LE STANZE DEL VETRO
For the 100th anniversary of the birth of Ettore Sottsass (1917 – 2007) LE STANZE DEL VETRO will celebrate his glass production with the exhibition Ettore Sottsass: The Glass, curated by Luca Massimo Barbero, Director of the Institute of Art History of Fondazione Giorgio Cini. The exhibition will run on the Island of San Giorgio Maggiore in Venice from 10th April to 30th July 2017, featuring more than 200 works, many of which on show for the first time, with an innovative exhibition set-up design by Annabelle Selldorf Studio. It will be the first exhibition ever entirely dedicated to the glass and crystal production of the Italian designer. The exhibition will be accompanied by the first Catalogue raisonné of the complete glass production by Sottsass, published by Skira.
Ettore Sottsass was inclined towards painting but his father convinced him to study Architecture. In 1946 he moved to Milan, where he collaborated with the Triennale, overseeing the set-up of the handcrafts sections.

On this occasion he experimented with glass for the first time (his first glass object is dated 1947). He continued to use glass throughout his artistic life, collaborating with some of the most important glassworks of the time, such as: Vistosi, Toso Vetri d’Arte, Cenedese, Venini – to mention just a few. The exhibition Ettore Sottsass: The Glass recounts the various phases of these collaborations, featuring more than 200 works and designs, dating between 1947 and 2007.
“Glass is an incredible medium, very mysterious, transparent and fragile at the same time” – Sottsass stated on occasion of one of his last public appearances. – “Needless to say that beyond glass one finds a whole universe of centuries-old traditions. For one of the first Triennale exhibitions, after the war, I was asked to design a glass object. I remember that at the time we used to design balls with a scottish pattern, with interwoven clear and dark stripes. It was my first experience of the kind.” – Sottsass was fascinated with the almost “magical” aspects of glass making: – “Glass, as well as ceramics, has a very peculiar trait: one does not really know what it is that goes into the furnace. Then all of a sudden a pure object breaks out, burnt by fire, an object of sheer purity, and physical intangibility. It is like a vision. One is deeply involved when making glass. Glass is spectacular.” –
“Sottsass’s glass works are complex bodies, designed as human characters.” – explains Luca Massimo Barbero, the curator of the exhibition – “The artist-architect breaks through the technical boundaries of the objects using materials such as glass, plastic and Corian and brings them to life. They are compound materials in some ways similar to glass, a pure and mysterious medium, which stems from an alchemy between natural elements transformed by fire. Ettore Sottsass: The Glass is an exhibition that brings Murano glass into the present with a vitality that projects it into the future.”

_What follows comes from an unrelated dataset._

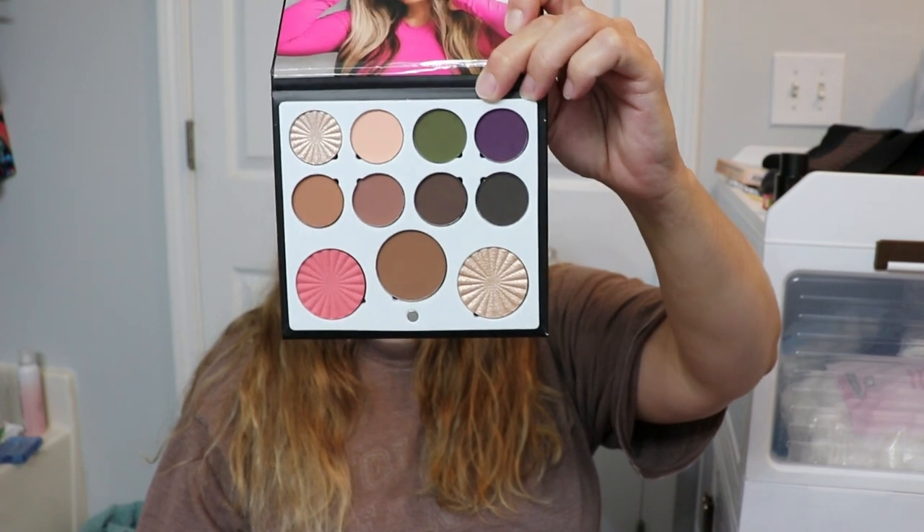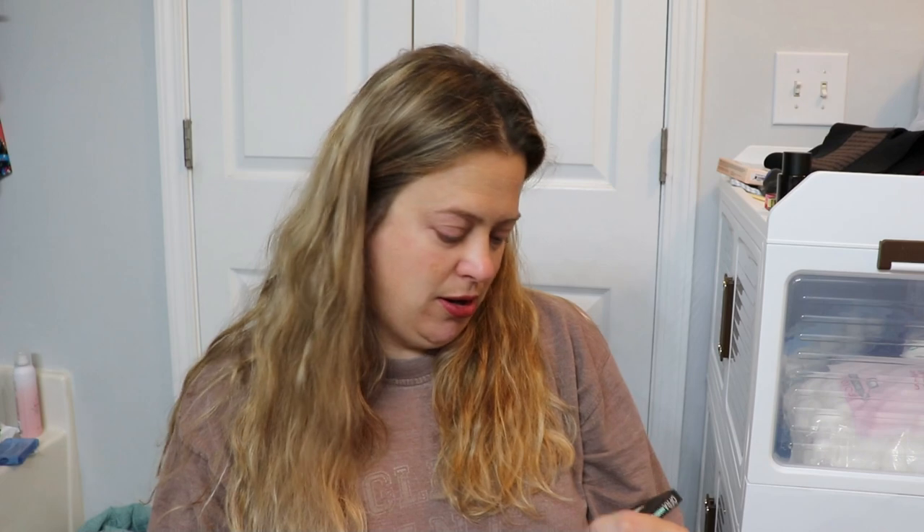All in all, we got the palette, which is amazing; the mascara that I love; the cleansing oil; the lip balm; and the hair spray. Overall, I think this is actually a really good Boxy Charm. Can't wait to see what I get next month. Thank you guys so much for watching — if you liked this video please give me a big thumbs up, and I will see you in the next video. Bye!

To exemplify the strength, the curiosity and the creative originality of Sottsass’s experimentation with glass, one of the galleries of the exhibition will be dedicated to an innovative series of sculptures, designed by Sottsass in 1999 at the request of the Sheik of Qatar, Saoud Al Thani, for his ‘Millenium House’: 22 glass sculptures, of different dimensions, some over a meter tall, produced at the Cenedese glassworks in Murano, on display for the first time.

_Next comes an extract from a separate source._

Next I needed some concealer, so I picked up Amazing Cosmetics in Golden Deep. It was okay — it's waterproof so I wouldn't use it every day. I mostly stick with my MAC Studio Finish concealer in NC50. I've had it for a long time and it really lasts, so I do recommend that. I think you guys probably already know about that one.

At the end of the 1980s, Ettore Sottsass also began to experiment with other techniques not in use in Murano and produced glass pieces together with industrial companies such as Alessi, Egizia, Fontana Arte, Serafino Zani and Swarovski, where he encountered both the precision of industrial glass and the centuries-old tradition of crystal glass. Sottsass developed a passion for crystal glass in his later years: at the age of eighty-five, Sottsass designed for Baccarat – a leading handcraft crystal company – a small series of objects, which have been exhibited at the Centre Pompidou in Paris in the past and are now on show in this exhibition. The exhibition will also feature 200 works, among which those produced in collaboration with the research center Cirva in Marseille, where as of 2004 Sottsass designed the Kachinas series, inspired by the Pueblo votive dolls by the same name.
The exhibition Ettore Sottsass: The Glass will be complemented by a catalogue, published by Skira, with contributions by Luca Massimo Barbero, Cristina Beltrami, Françoise Guichon and Marino Barovier and a broad iconographic apparatus including many drawings and images recounting 50 years of glass production.